The catastrophic fragmentation of Comet 332P (Ikeya-Murakami)

TL;DR

This study documents the fragmentation of Comet 332P, analyzing its breakup timeline, fragment properties, and suggesting a crystallization-driven splitting process based on observations and simulations.

Contribution

It provides detailed photometric analysis and simulations of the comet's fragmentation, revealing the timing and mechanisms behind the breakup, which were previously not well understood.

Findings

Fragments emitted after 2010 outburst, with some splitting years later.

The original nucleus likely corresponds to the rapidly brightening fragment F4.
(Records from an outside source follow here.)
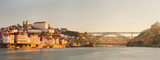 Porto city, Portugal October 17, 2013: panorama of Ribeira, Dom Luis Bridge and Douro river in the sunset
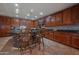 Kitchen with dark wood cabinets, granite countertops, and island seating at 5330 W Coles Rd, Laveen, AZ 85339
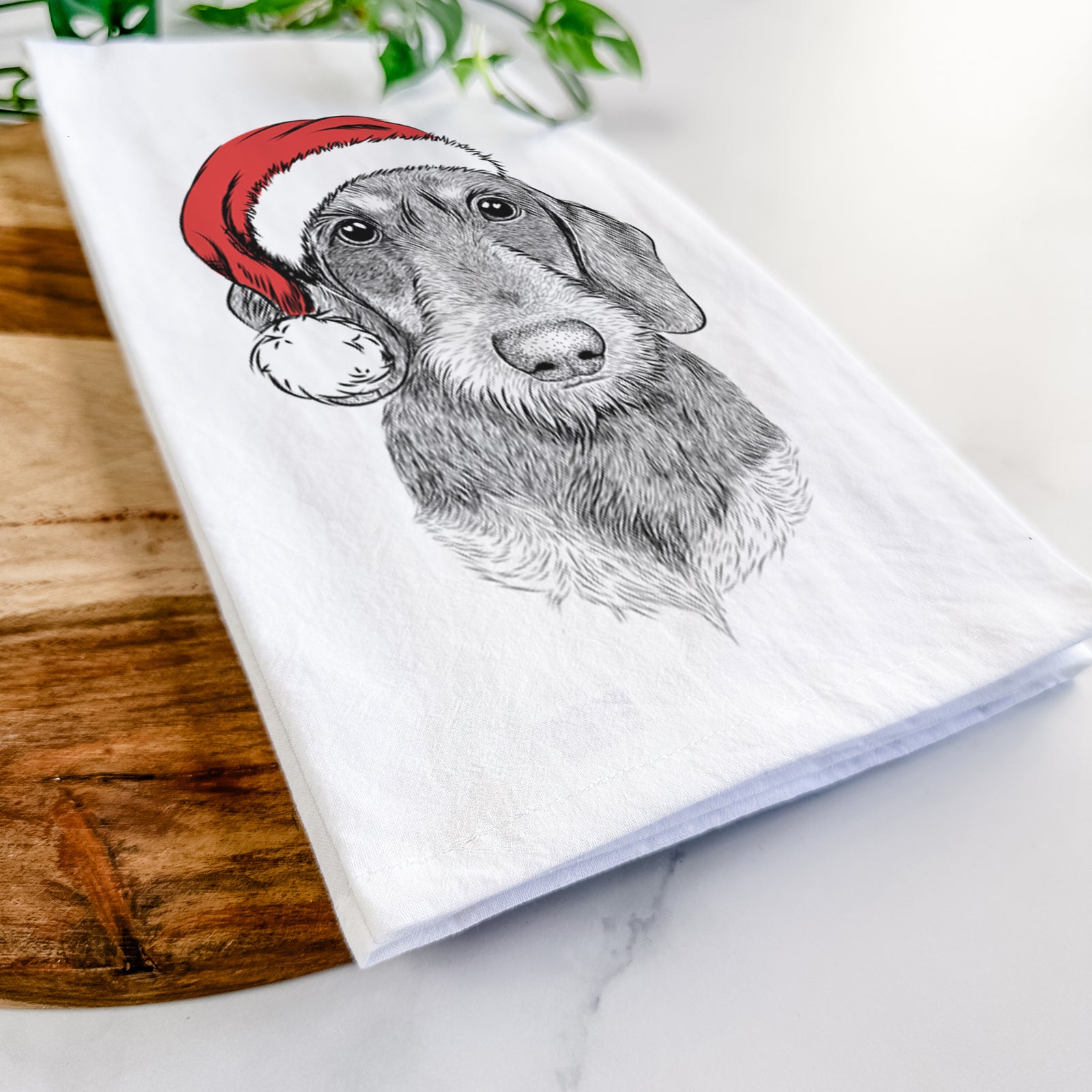 Hand-drawn sketch of Truman the Wirehaired Dachshund wearing a Santa hat on a tea towel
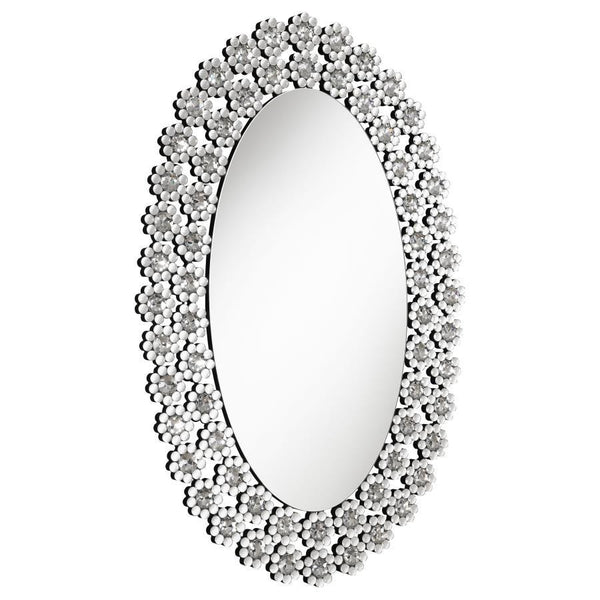 Radiate elegance with this striking oval wall mirror adorned in dazzling faux crystal blossoms. A stunning blend of modern glamour and floral charm, it brightens up any room with its reflective surface and sparkling frame. Perfect for entryways, bathrooms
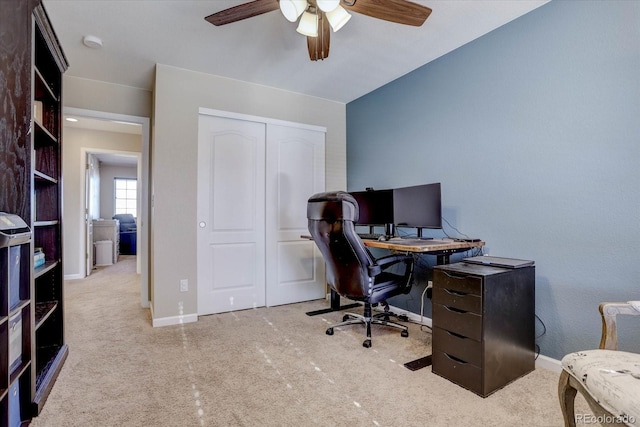 carpeted home office with ceiling fan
Non-gravitational parameters are consistent with zero, indicating minimal non-gravitational forces.

Abstract

We describe 2016 January to April observations of the fragments of 332P/Ikeya-Murakami, a comet earlier observed in a 2010 October outburst (Ishiguro et al 2014). We present photometry of the fragments, and perform simulations to infer the time of breakup. We argue that the eastern-most rapidly brightening fragment ($F4$) best corresponds to the original nucleus, rather than the initial bright fragment $F1$. We compute radial and tangential non-gravitational parameters, $A_1 = (1.5 \pm 0.4) \times 10^{-8}$ AU day$^{-2}$ and $(7.2 \pm 1.9) \times 10^{-9}$ AU day$^{-2}$; both are consistent with zero at the $4\sigma$ level. Monte Carlo simulations indicate that the fragments were emitted on the outbound journey well after the 2010 outburst, with bright fragment $F1$ splitting in mid--2013 and the fainter fragments within months of the 2016 January recovery. Western fragment $F7$ is the oldest, dating from 2011. We suggest that the delayed onset of the splitting is consistent with a self-propagating crystallization of water ice.